Eine größere Zahl der poiteviner Glaubensflüchtlinge begab sich trotz königlichen Verbot nach Celle, wo sie in Eléonore Desmier d’Olbreuse eine engagierte Fürsprecherin fanden. Leider gibt es keine Quellen darüber, ob und wie Eléonore und die ersten nach Celle gekommenen Hugenotten direkt nach 1665 im lutherischen Fürstentum Lüneburg ihren Glauben praktizieren konnten. Die Situation klärte sich spätestens mit dem am 7. August 1684 von Herzog Georg Wilhelm erlassenen Edikt, das Anhängern der reformierten Konfession im Fürstentum Lüneburg Aufnahme und Unterstützung versprach. Dieses Edikt, das ursprünglich primär auf die Ansiedlung von in England verfolgten Dissenters in der Stadt Lüneburg zielte, wandelte sich angesichts der Aufhebung des Edikts von Nantes zu einem Hugenottenprivileg. 1686 kam es „mit Erlaubnis des Herzogs […] und durch den Eifer der Herzogin“ zur offiziellen Gründung einer Französisch–reformierten Kirchengemeinde, die naturgemäß eine starke höfische Prägung besaß und sich hinsichtlich ihrer Sozialstruktur von den meisten Hugenottengemeinden im deutschen Refuge unterschied.
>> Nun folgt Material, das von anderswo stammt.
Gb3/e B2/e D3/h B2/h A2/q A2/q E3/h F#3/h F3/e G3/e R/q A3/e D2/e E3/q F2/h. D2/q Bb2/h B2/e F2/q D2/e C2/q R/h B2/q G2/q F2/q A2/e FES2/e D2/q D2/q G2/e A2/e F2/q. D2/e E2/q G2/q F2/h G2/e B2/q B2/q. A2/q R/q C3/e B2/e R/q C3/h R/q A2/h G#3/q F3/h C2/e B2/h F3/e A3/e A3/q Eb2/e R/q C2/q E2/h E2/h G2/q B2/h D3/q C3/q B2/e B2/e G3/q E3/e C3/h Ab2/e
Ihr erster Pastor wurde ein Verwandter der Herzogin, der zuvor erwähnte Louis Suzannet de la Forest, Seigneur de Puycouvert. Zur Bildung eines ersten Presbyteriums (consistoire) kam es jedoch erst im Jahr 1688. Mit Genehmigung der Herzogin wurden fünf hoch angesehene reformierte Männer in das Leitungsgremium der Hugenottengemeinde berufen. Für lutherische Gemeinden war damals eine Gemeindeleitung durch Laien noch undenkbar.
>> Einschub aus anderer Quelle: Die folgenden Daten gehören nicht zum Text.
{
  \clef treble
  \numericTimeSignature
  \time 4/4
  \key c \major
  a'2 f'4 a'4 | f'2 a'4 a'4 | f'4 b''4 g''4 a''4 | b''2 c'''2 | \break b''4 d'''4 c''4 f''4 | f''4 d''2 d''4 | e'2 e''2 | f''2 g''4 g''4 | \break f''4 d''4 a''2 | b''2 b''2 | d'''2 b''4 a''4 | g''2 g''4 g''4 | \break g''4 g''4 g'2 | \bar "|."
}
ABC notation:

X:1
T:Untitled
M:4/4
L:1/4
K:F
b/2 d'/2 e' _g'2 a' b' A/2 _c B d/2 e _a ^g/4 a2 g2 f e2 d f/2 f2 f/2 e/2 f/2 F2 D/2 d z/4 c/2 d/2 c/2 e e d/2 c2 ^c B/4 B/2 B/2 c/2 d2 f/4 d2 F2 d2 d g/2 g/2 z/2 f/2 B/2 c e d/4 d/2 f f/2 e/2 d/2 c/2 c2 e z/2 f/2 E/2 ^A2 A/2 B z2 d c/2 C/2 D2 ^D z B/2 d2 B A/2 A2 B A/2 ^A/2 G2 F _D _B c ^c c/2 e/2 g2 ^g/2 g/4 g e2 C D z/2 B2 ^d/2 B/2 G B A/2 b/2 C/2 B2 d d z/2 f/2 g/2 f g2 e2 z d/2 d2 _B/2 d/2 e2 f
Im Celler Schloss fungierte zunächst ein Zimmer im Wohntrakt der Herzogin als gottesdienstlicher Versammlungsort der neu gegründeten Gemeinde. Der calvinistische Historiograph Gregorio Leti, der 1686/1687 während einer mehrmonatigen Deutschlandreise auch den Celler Hof besuchte, schrieb Folgendes mit seiner Feder über die Gottesdienste nieder: „Im Augenblick findet man hier auch die Reformierten, wegen der Frau Herzogin, die seit kurzem mit Zustimmung seiner Durchlaucht des Herzogs für sich und die anderen Reformierten, die es am Hofe gibt oder die in der Stadt wohnen, einen Pastor hat kommen lassen. Dieser Pastor heißt Herr de la Forest. Er ist ein Mann aus gutem Hause, führt ein musterhaftes Leben, ist gut erzogen und ein Gelehrter. Zur Zeit predigt er gewöhnlich im Zimmer Ihrer Durchlaucht der Herzogin, und das soll so lange geschehen, bis die Zahl der Anhänger dieser Religion groß genug ist, um eine Kirche zu benötigen. Bis jetzt aber ist deren Zahl noch nicht groß genug, denn es sind erst wenige französische Flüchtlinge hier angekommen. Als ich hier war, waren am Hof und in der Stadt noch nicht einmal 150 Mitglieder dieser Gruppierung vorhanden. Die Frau Herzogin bezeigt für die Religion so viel Eifer und Andacht, daß sie ganz einfach nicht frommer sein könnte.“
Zur finanziellen Ausstattung der französischen Gemeindepfarrstelle hatte die Herzogin die beachtliche Summe von 3000 Talern gestiftet, die bei den Ständen des Herzogtums zur Verzinsung angelegt wurden. „Da die Herzogin unermüdlich unserer Gemeinde Gutes thut“ beschloss das consitoire ein „Denkmal seiner Dankbarkeit für die Nachwelt zu stiften“ indem es die große „Freigebigkeit“ und ihren heiligen „Eifer“ am 20. April 1703 in dem Protokollbuch der Französisch-reformierten Gemeinde dokumentierte. Weitere 3000 Taler vermachte die Herzogin ihrer Gemeinde bei ihrem Tod.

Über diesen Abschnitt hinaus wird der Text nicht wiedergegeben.